Number of nodes expanded: 8100
2471207719 (starting location)
203821515 University Street
203874118 University Street
203785569 University Street
203785192 Mignon Avenue
203785195 North Barksdale Street
203785192 North Barksdale Street
203785189 North Barksdale Street
203785186 North Barksdale Street
203785183 North Barksdale Street
203874746 Tutwiler Avenue
2471207719 University Street

What to turn in

Through Moodle, turn in your code for parts A and B. In addition, turn in a text file which explains, for part B, how you chose to represent a "state," and what your heuristic function does.

Grading

You will be graded on correctness of your program (whether it gives the best path or tour), and also the quality of your heuristics (measured by how many states need to be expanded to find the best solution).
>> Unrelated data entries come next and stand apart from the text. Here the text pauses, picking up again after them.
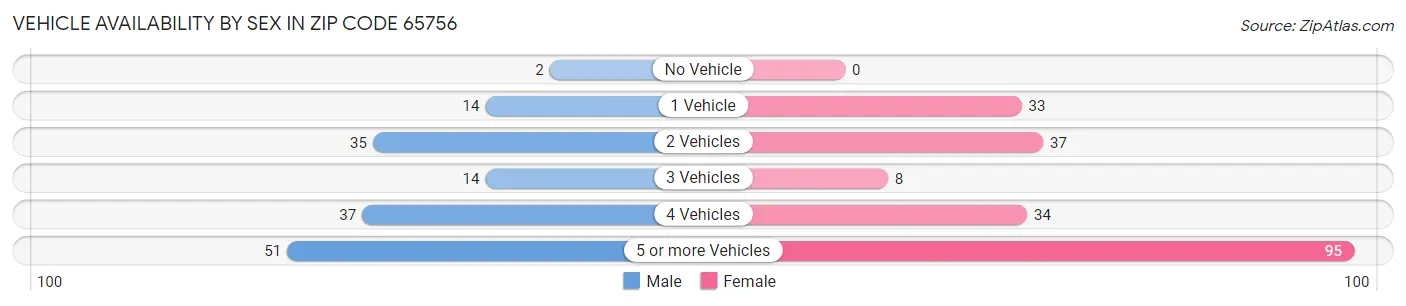 Vehicle Availability by Sex in Zip Code 65756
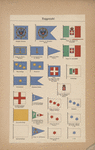 Italy, 1895-1900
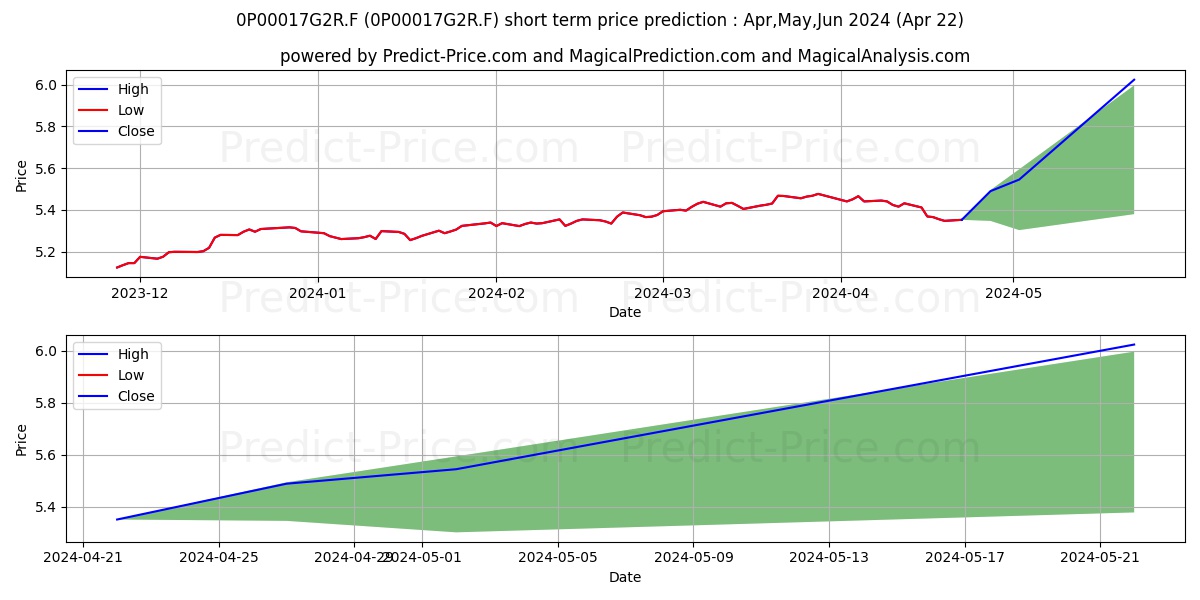 Cnp E Strategia 40 stock short term price prediction: Apr,May,Jun 2024|0P00017G2R.F: 7.30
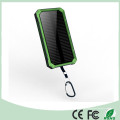 Banco portátil de la energía solar 12000mAh para la cámara del iPad del teléfono móvil (SC-3688-A)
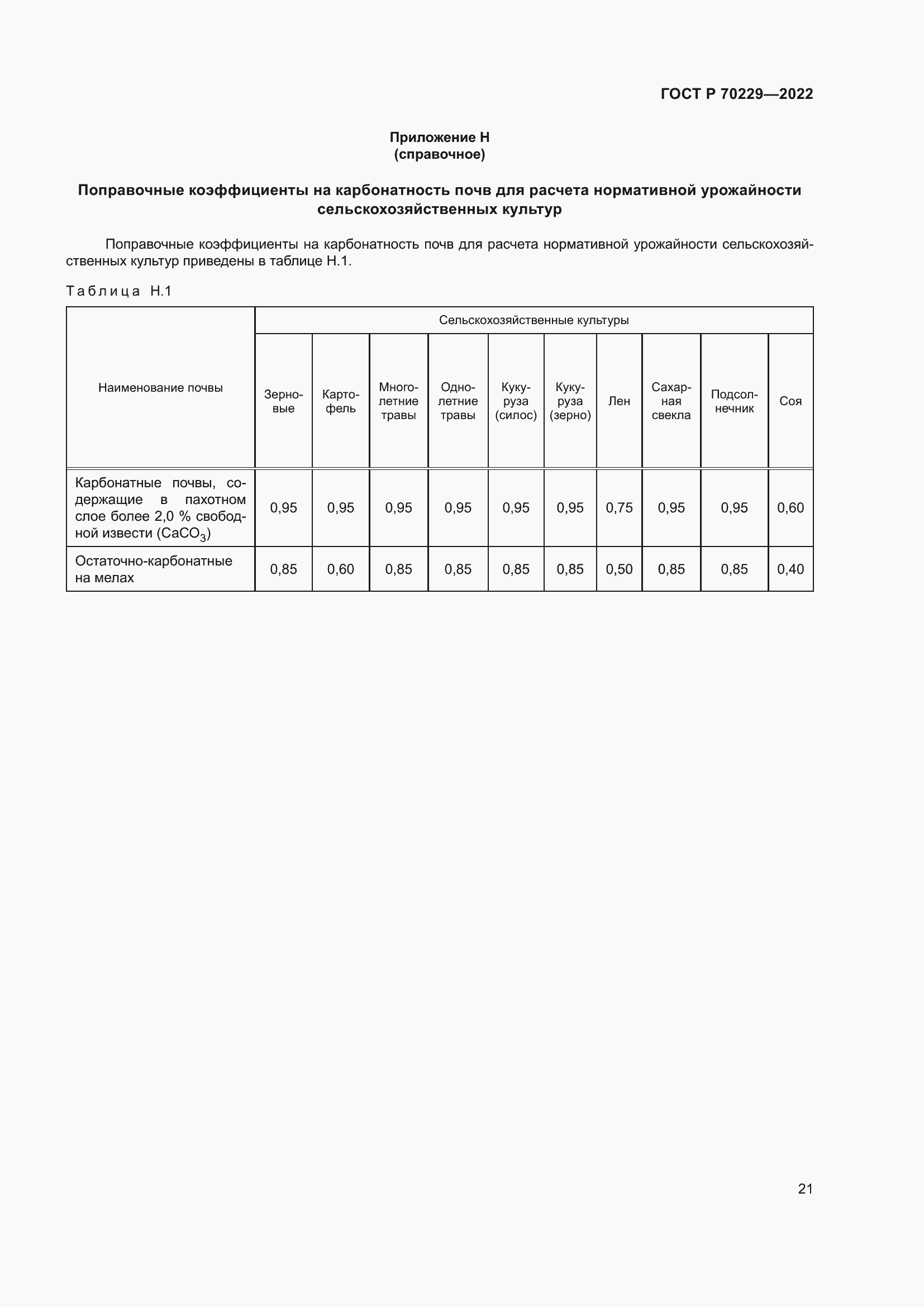 Страница 25 ГОСТ Р 70229-2022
For part B, tours can obviously be made in reverse order of locations as well with no penalty (since all roads are assumed to be bidirectional).

Hints

This is a challenging project. Start early.
Use diagnostic messages to print the status of the frontier and explored list as you visit nodes in your search tree. I have included diagnostics for Part A that you can use to verify your program is working correctly.
You are expected to use the A* algorithm to solve Part B in its entirety, just by changing your representation of a state and finding a good heuristic. It will probably not be a particularly fast algorithm; that's OK. The idea of Part B is to use A* to solve a non-traditional problem.
If you are using C++, use the built-in container classes like vector (for lists that grow and shrink), map (for hash tables), and priority_queue. The goal of this project is not to build your own data structures, it is to implement the A* algorithm.

Fun ideas

Compare some of the routes your program finds against Google Maps or another mapping service. Why are they different sometimes?